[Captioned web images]

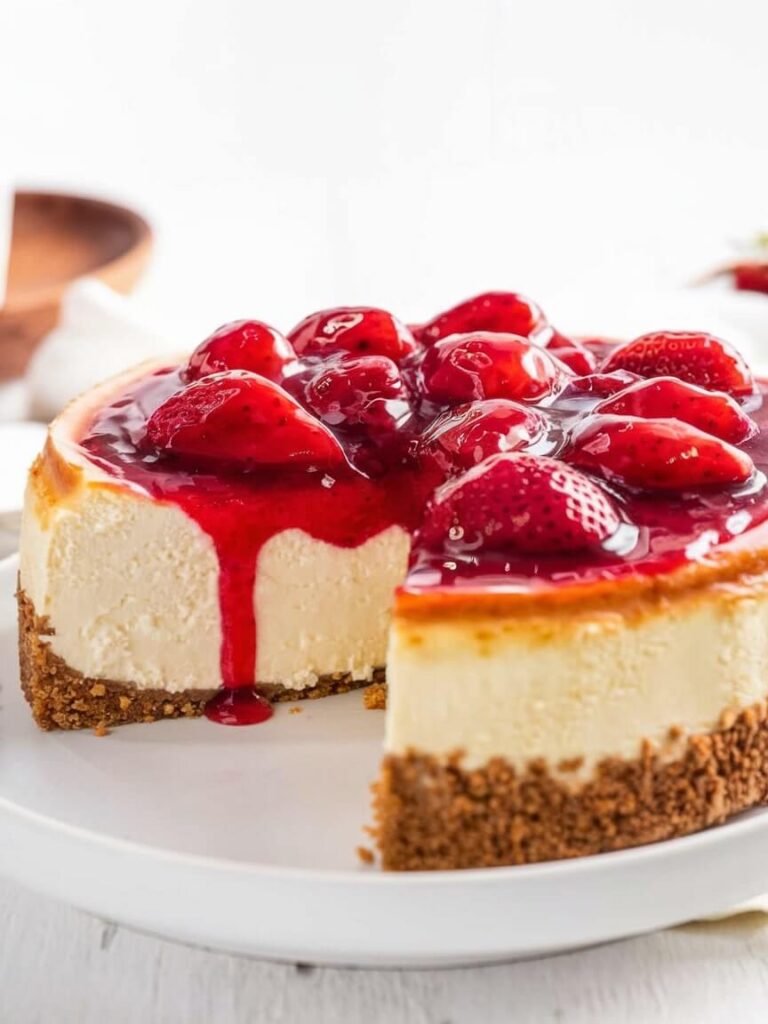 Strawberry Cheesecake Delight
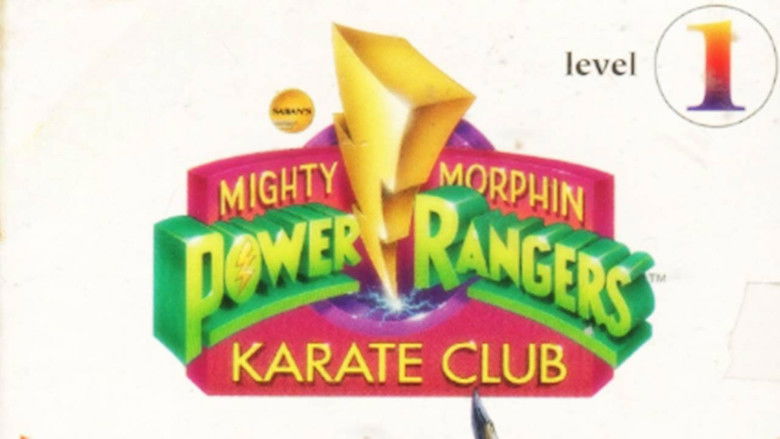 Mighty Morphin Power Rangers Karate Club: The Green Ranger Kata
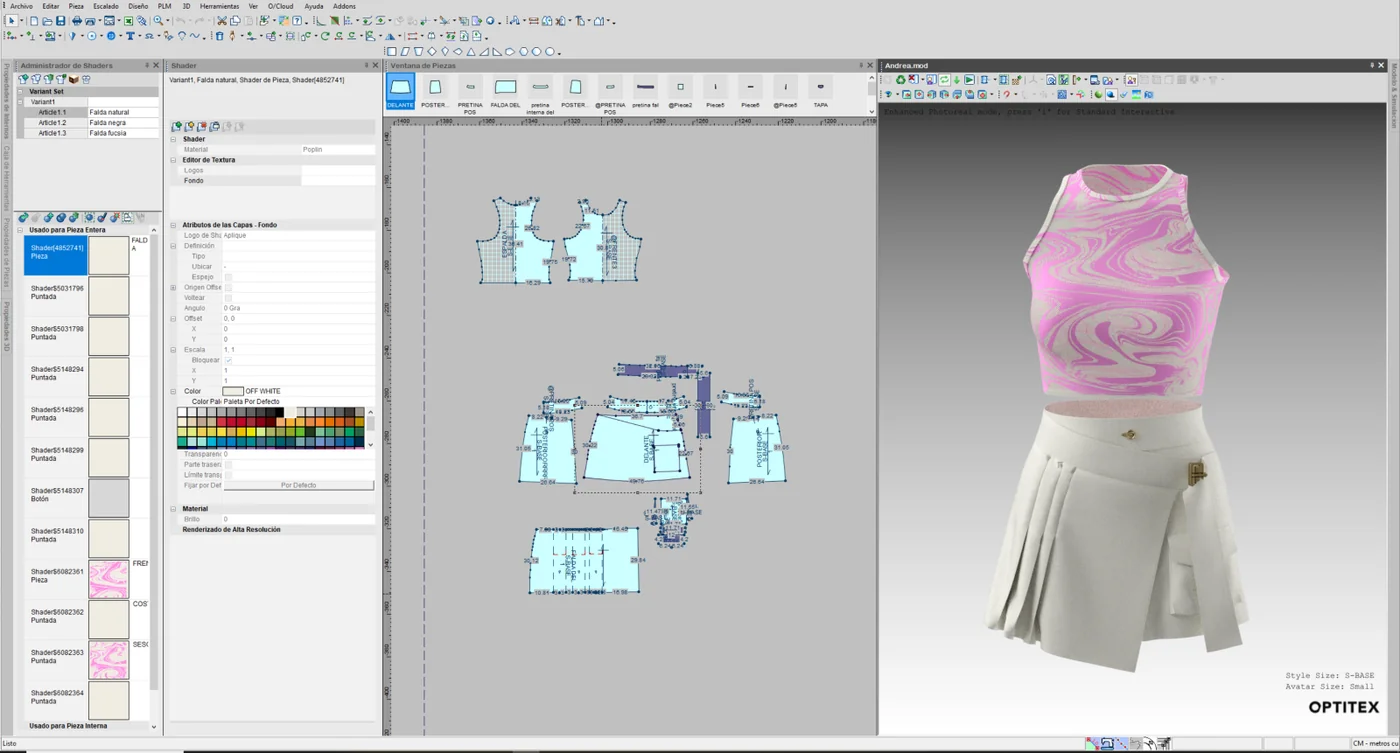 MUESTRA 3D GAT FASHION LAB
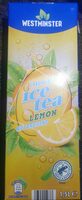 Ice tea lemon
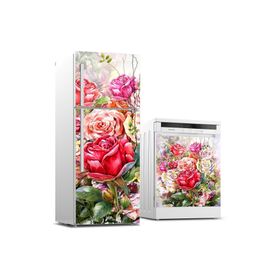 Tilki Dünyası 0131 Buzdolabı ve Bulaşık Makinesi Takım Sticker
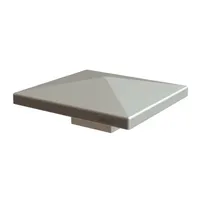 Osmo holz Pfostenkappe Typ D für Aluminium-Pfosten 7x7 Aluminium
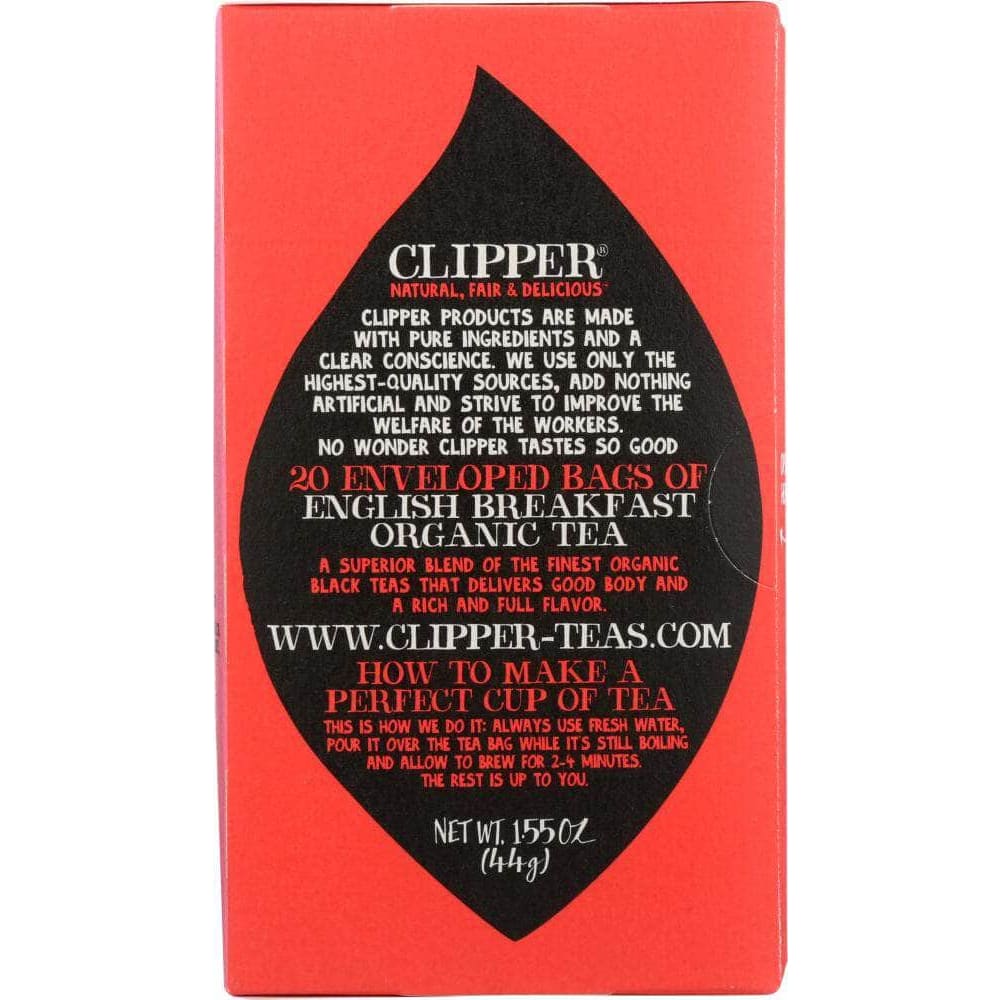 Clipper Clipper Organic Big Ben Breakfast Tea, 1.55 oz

_Activity_
Reproduce exactly and only the lines from the one with "Osmo holz Pfostenkappe" through the final line of the records above, inclusive. Pictures must be left out.

_Problem solution_
 Osmo holz Pfostenkappe Typ D für Aluminium-Pfosten 7x7 Aluminium
 Clipper Clipper Organic Big Ben Breakfast Tea, 1.55 oz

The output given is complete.